Auch durch die Arbeiten Krohas letzter Schaffensjahre ziehen sich eine düstere Grundstimmung, Vergänglichkeit, Schwere. So auch bei seinem Lieblingsbild: ein Ölgemälde aus dem Jahr 2012. Als er es damals gemalt hatte, gab er ihm noch den Titel "Blick in die Nacht". Er hat es umbenannt: "Heimat".

Krohas ursprüngliche Heimat, das Örtchen Schönficht bei Marienbad im heutigen Tschechien, existiert nicht mehr. Es wurde 1950 nach der Vertreibung der fast ausschließlich deutschsprachigen Bewohner dem Erdboden gleichgemacht.

Das liegt weit zurück. Wie so vieles in Krohas Leben. Doch bei guter Gesundheit ein hohes Alter erreichen ist nicht nur Segen für ihn: Die meisten seiner Weggefährten und Freunde seien bereits gestorben, erzählt er. "Man merkt es gar nicht so schnell, aber auf einmal ist man allein."

So hat er in den vergangenen Jahren sehr zurückgezogen gelebt. Auch, weil er Probleme mit dem Hörsinn hat. "Da wird man von selber ruhiger und geht nicht mehr so oft raus", sagt der Jubilar. Es sei schwierig, wenn man die Menschen einfach nicht mehr verstehen könne. Und mit dem Verlust seines Gehörs ging noch ein schwerer Abschied einher - von seiner geliebten Kammermusik, die verstummte.

Bis ins Alter von 85 Jahren hatte er noch fast jede freie Minute in einem seiner Ateliers verbracht - sei es nun in seinen ehemaligen Arbeitsräumen in der Spitalstraße, seinem alten Atelier in Stuttgart oder in seinem Häuschen in Schweden, wohin er sich in den Sommermonaten zum Arbeiten zurückzog. Vor fünf Jahren dann ist er aber kürzergetreten und mittlerweile im künstlerischen Ruhestand.

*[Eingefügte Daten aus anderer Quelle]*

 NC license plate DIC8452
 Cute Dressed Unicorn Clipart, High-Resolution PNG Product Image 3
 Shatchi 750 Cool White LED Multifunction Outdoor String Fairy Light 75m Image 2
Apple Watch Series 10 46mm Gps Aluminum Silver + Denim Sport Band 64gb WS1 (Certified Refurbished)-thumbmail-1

Seither liest er fast rund um die Uhr. Seine Lieblingsbücher: Der Roman "Hundert Jahre Einsamkeit" von Gabriel García Márquez und die "Essais" von Michel de Montaigne. Und er spielt Schach gegen einen Schachcomputer. Kroha liebt Schach - vielleicht weil das Spiel der Könige seiner Herangehensweise an die Kunst ähnelt. Weil es Bedacht und Konzentration erfordert. Man selbstkritisch jeden Zug überdenken muss.

An diesem Sonntag nun steht Josef Krohas 90. Geburtstag an. Er will verreisen. Im kleinsten Kreis feiern, ohne offizielle Gratulanten. Kurzum: Er will so zurückgezogen feiern, wie er in den vergangen Jahren gelebt hat.